Available data section start

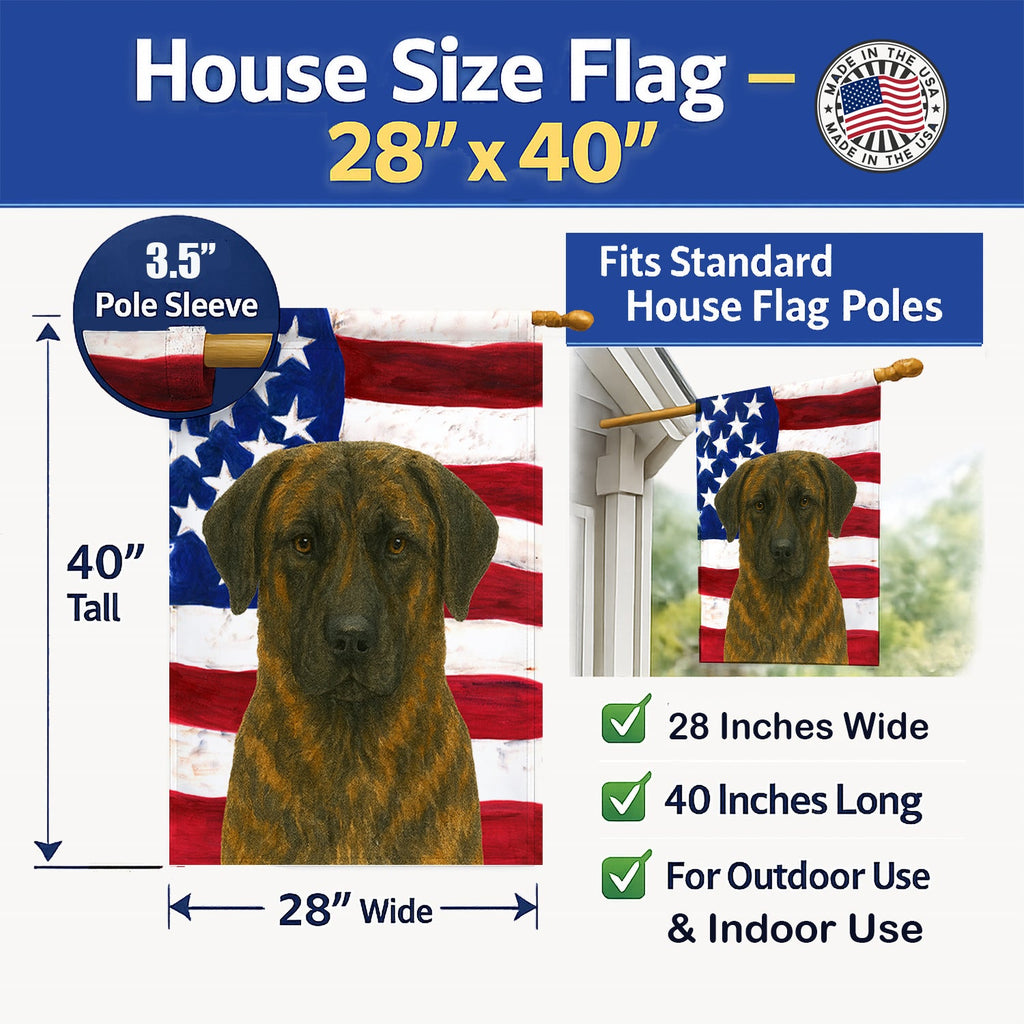 Brindle Anatolian Shepherd Dog American Flag House Flag 28x40 Porch Sleeve Pole Decorative Outside Yard Banner Artwork Wall Hanging, Polyester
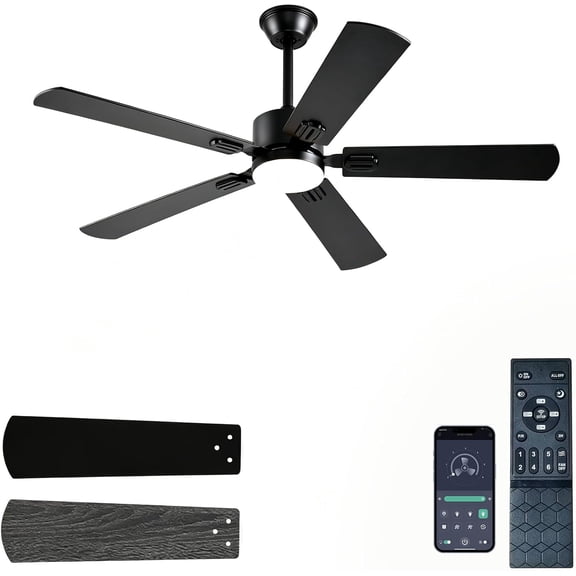 52 inch Modern Ceiling Fans with Lights APP/Remote Control, Low Profile Reversible 6 Speeds Ceiling Fan Light for Indoor/Outdoor Patio Bedroom Living Room,Black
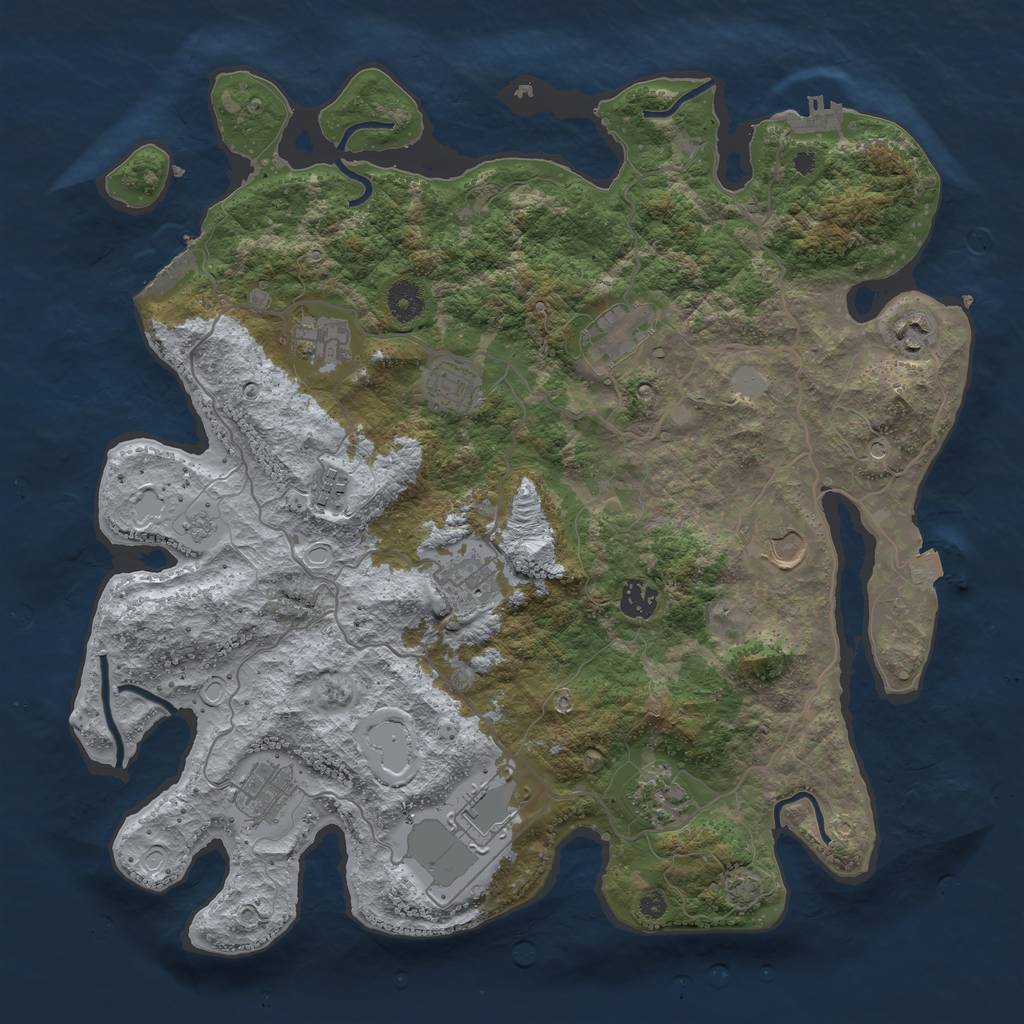 Rust Map: Procedural Map, Size: 4000, Seed: 167220478, 19 Monuments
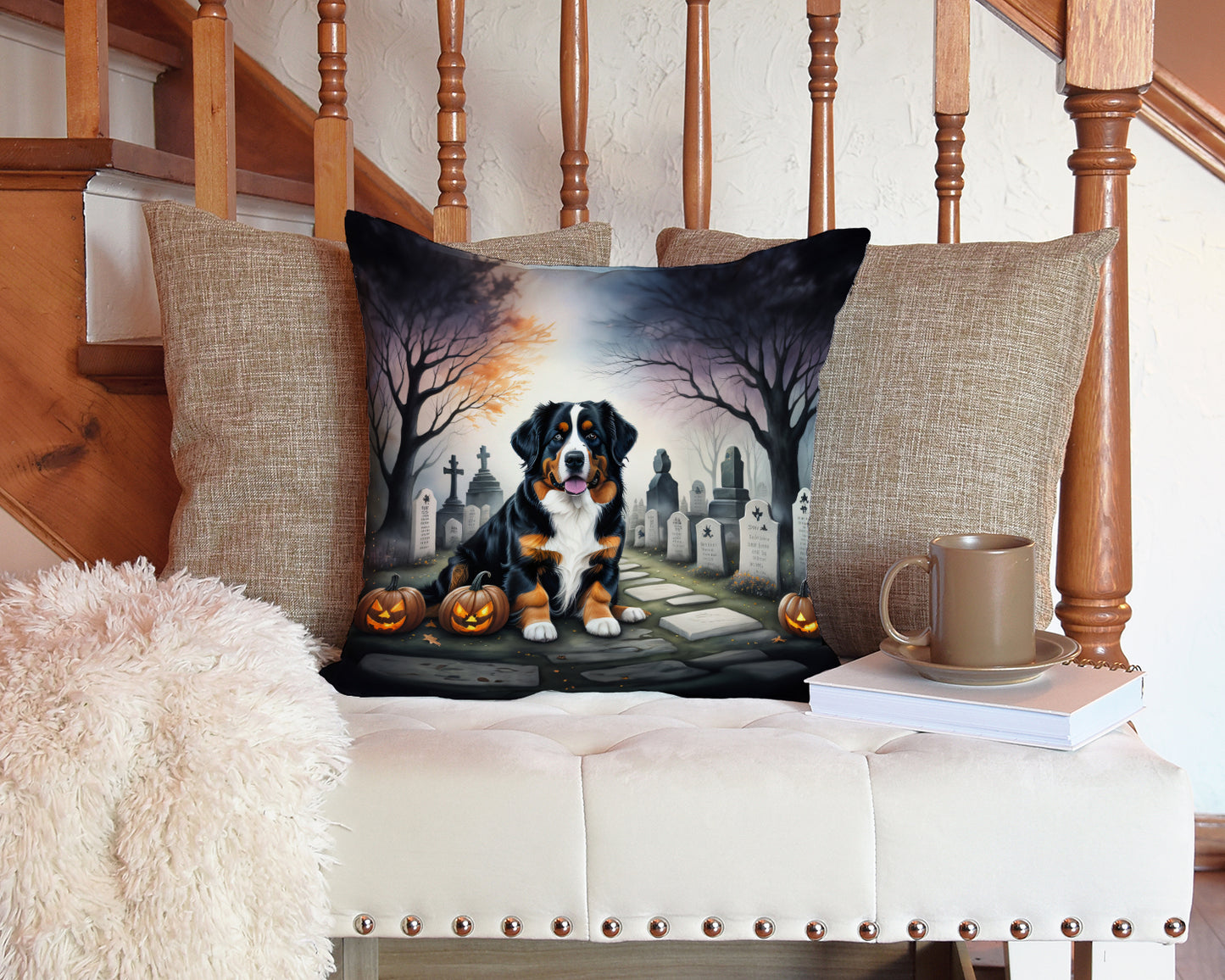 Bernese Mountain Dog Spooky Halloween Throw Pillow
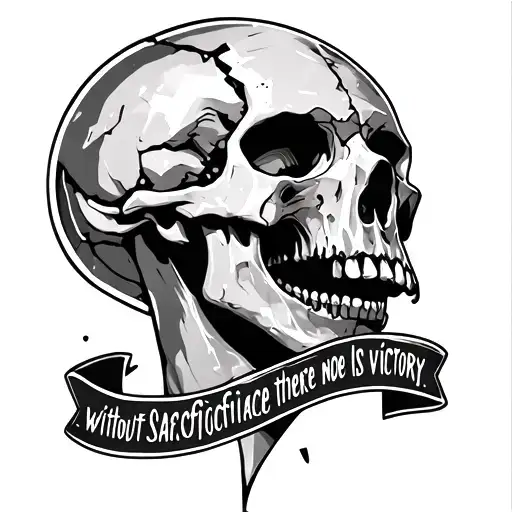A fractured cranial on the right side with the phrase "without sacrifice there is no victory" - Variation 2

Available data section end

Your answer must be the exact lines of the records from the first one through the line containing "Bernese Mountain Dog", with no pictures in it.

 Brindle Anatolian Shepherd Dog American Flag House Flag 28x40 Porch Sleeve Pole Decorative Outside Yard Banner Artwork Wall Hanging, Polyester
 52 inch Modern Ceiling Fans with Lights APP/Remote Control, Low Profile Reversible 6 Speeds Ceiling Fan Light for Indoor/Outdoor Patio Bedroom Living Room,Black
 Rust Map: Procedural Map, Size: 4000, Seed: 167220478, 19 Monuments
 Bernese Mountain Dog Spooky Halloween Throw Pillow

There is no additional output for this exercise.